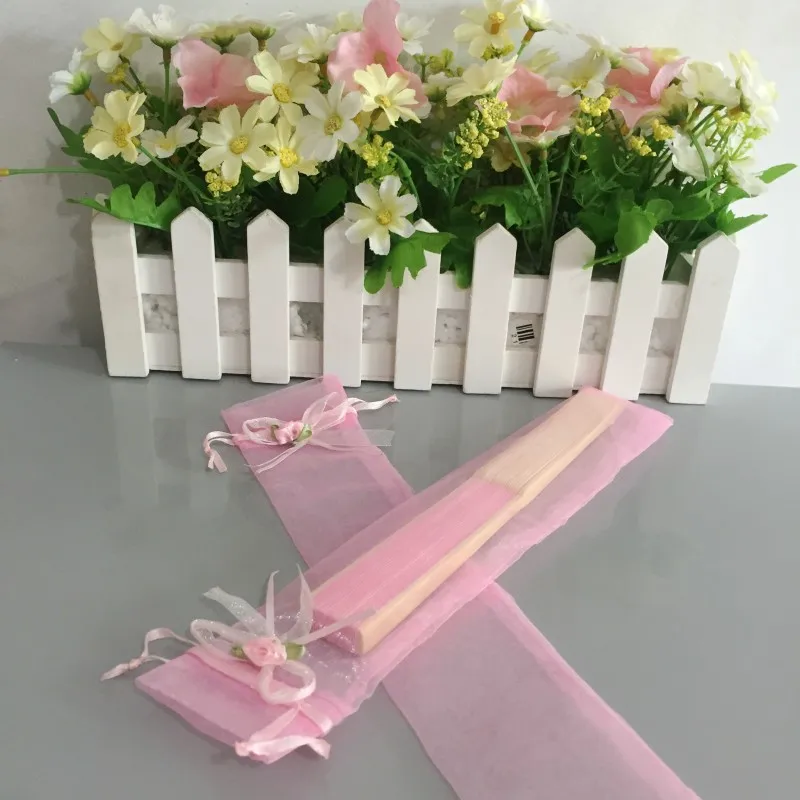 Free shipping 100pcs/lot pink color organza pouch gift bag for 21-23cm size hand fans with drawstring & decorative flower tie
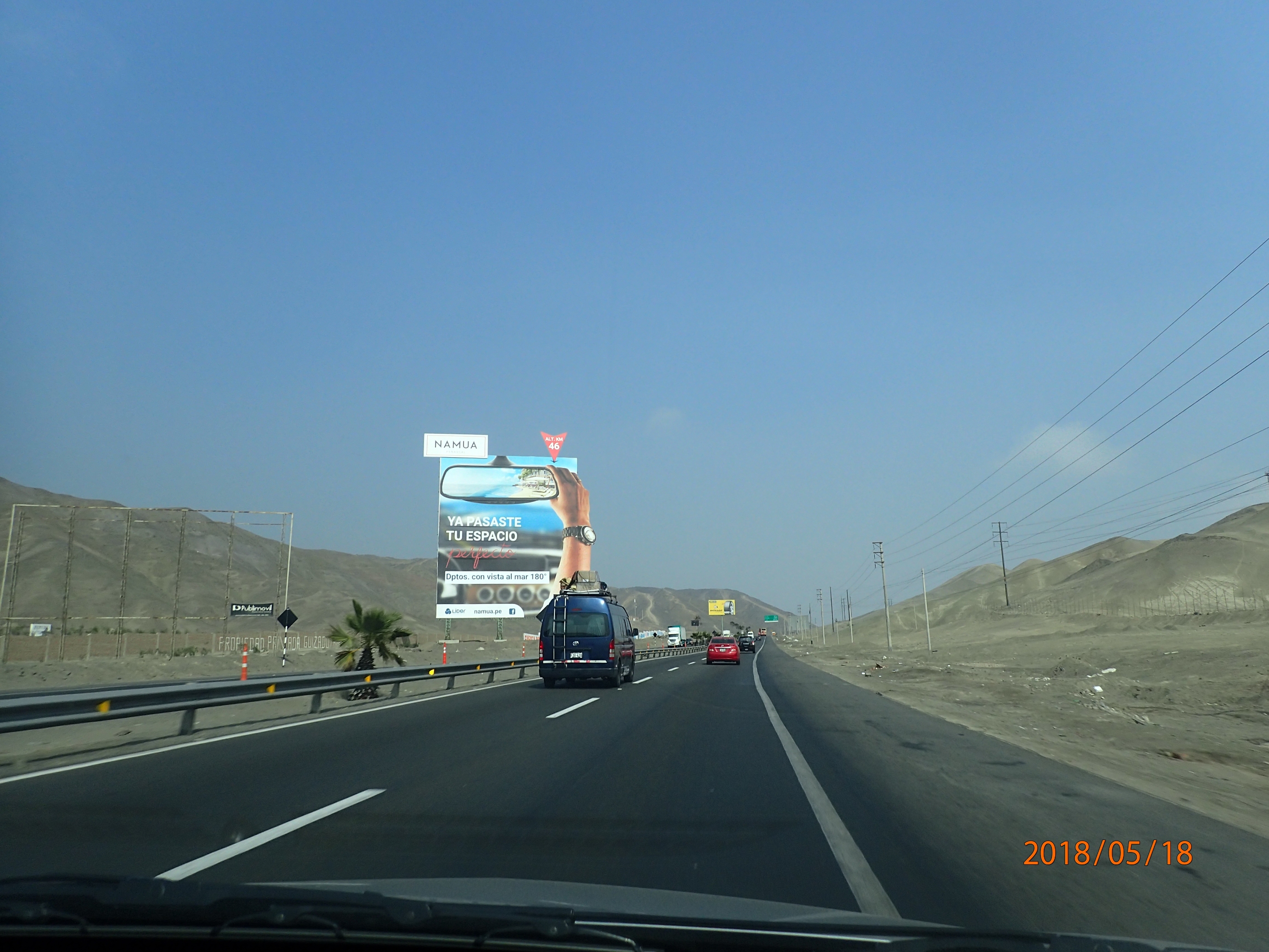 A pánamarikai autópálya Lima után. 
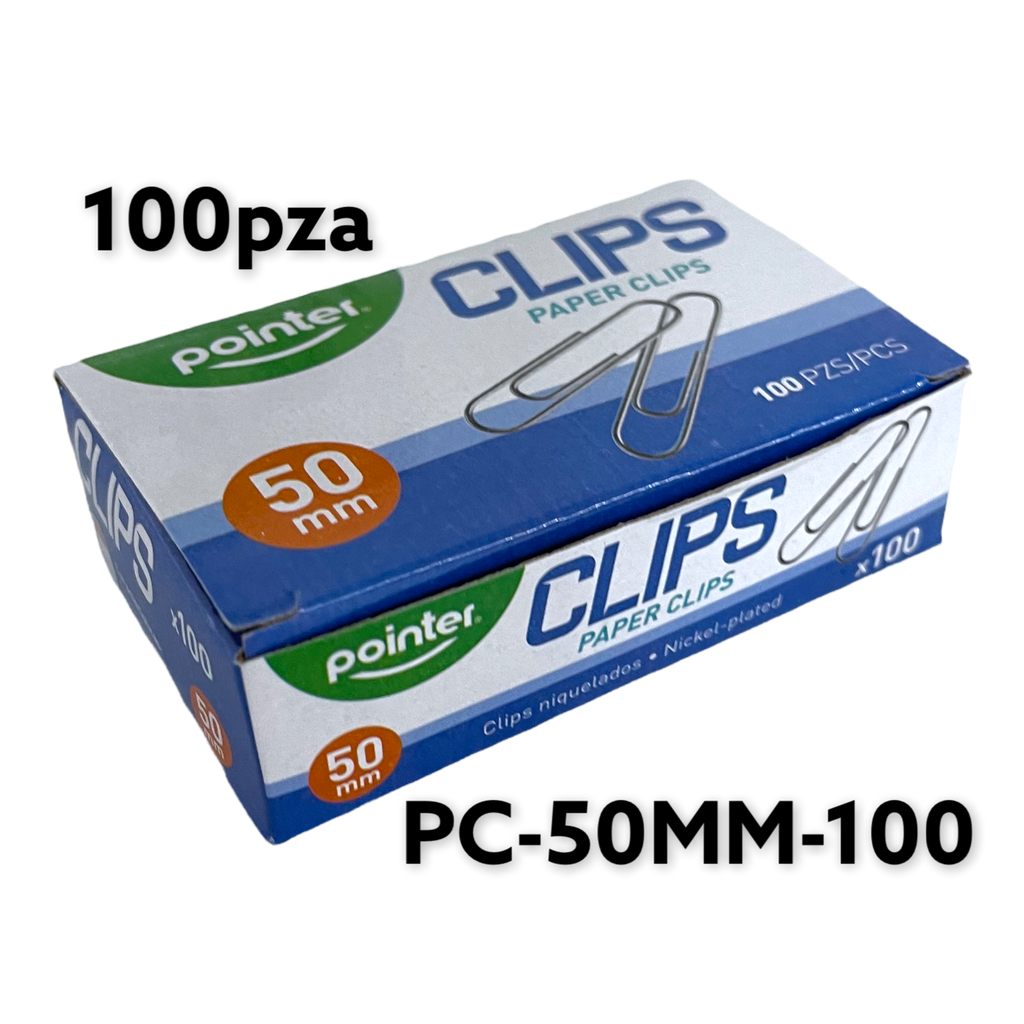 Clips Metalicos para Papel 100pza POINTER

• [TASK DIRECTIONS]: Repeat the data word for word. Images are not part of the copy.

• [THE COMPLETED TASK]:
 Free shipping 100pcs/lot pink color organza pouch gift bag for 21-23cm size hand fans with drawstring & decorative flower tie
 A pánamarikai autópálya Lima után. 
 Clips Metalicos para Papel 100pza POINTER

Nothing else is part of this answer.